On Thursday, March 24, 2016 the LBJ School will host Ms. Inimai Chettiar as part of the New Voices in Civil Rights Speaker Series. Ms. Chettiar is the Director of the Brennan Center for Justice, whose mission is seek “equal justice for all” by creating an effective, rational and fair legal system.
The event will be held in room 3.122 at 12:15 p.m. The event is open to the public, but registration is required.

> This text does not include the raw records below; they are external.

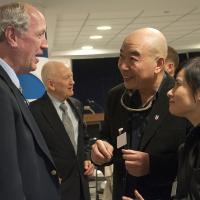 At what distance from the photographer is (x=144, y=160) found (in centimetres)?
170

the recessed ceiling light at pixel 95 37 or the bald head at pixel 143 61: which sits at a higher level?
the recessed ceiling light at pixel 95 37

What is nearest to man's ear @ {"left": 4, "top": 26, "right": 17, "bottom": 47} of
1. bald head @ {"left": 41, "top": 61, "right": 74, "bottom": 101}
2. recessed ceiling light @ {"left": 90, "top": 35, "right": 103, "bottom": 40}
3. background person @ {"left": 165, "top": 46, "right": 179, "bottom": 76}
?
background person @ {"left": 165, "top": 46, "right": 179, "bottom": 76}

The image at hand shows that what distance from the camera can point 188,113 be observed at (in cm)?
155

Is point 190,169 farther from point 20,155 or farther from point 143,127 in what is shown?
point 20,155

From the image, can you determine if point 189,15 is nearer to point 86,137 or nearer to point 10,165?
point 86,137

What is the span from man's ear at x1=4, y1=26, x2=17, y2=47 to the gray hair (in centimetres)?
1

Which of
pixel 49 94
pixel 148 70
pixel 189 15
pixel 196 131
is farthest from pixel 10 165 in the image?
pixel 189 15

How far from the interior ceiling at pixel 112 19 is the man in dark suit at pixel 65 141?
2.06 m

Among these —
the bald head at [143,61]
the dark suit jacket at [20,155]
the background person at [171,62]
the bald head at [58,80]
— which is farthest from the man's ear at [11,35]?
the bald head at [58,80]

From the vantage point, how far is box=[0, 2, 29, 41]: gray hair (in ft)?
5.15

Background on Inimai Chettiar
Before coming to the Brennan Center, Ms. Chettiar worked at the American Civil Liberties Union, where she was a lead architect of their nationwide Initiative to End Mass Incarceration. She also launched their state legislative campaign to reduce mass incarceration. Chettiar has also served as a fellow at the Center for American Progress, a litigation associate at Debevoise & Plimpton LLP, a judicial law clerk to the Hon. Lawrence M. McKenna at the U.S. District Court for the Southern District of New York, and an elementary school teacher in Quito, Ecuador.

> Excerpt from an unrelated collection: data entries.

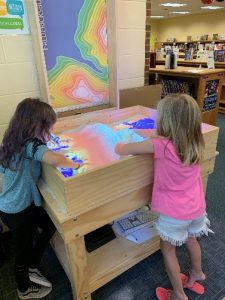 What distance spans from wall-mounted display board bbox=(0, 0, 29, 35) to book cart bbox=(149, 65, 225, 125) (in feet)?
7.90

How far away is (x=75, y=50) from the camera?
4.67 feet

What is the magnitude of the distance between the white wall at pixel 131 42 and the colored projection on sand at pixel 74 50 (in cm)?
14

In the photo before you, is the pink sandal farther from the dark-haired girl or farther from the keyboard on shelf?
the dark-haired girl

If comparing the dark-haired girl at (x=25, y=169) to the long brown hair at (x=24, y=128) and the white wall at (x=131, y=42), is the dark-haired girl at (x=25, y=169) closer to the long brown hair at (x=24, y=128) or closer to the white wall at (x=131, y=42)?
the long brown hair at (x=24, y=128)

Her work has been featured in New York Times, Washington Post, Forbes, Wall Street Journal, MSNBC, NPR, Bloomberg and other outlets. She has published extensive scholarship on economic and fiscal policy and criminal law reform, and is listed in the national directory as a Top Wonk in criminal justice, economic policy, and race and economics.
Background on New Voices on Civil Rights Series
Over the past year, the LBJ School of Public Affairs has celebrated the monumental accomplishments of our namesake, President Lyndon B. Johnson, highlighting 50 years since the historic passage of the 1965 Civil Rights Act and other significant legislation. As we reflect on these triumphs championed by LBJ and civil rights leaders across the country, we must look to the future to address the numerous contemporary civil rights issues facing America today. In this effort, the LBJ School has launched a speaker’s series - New Voices in Civil Rights – that underlines the work of individuals who are making a difference through advocacy or research in civil rights.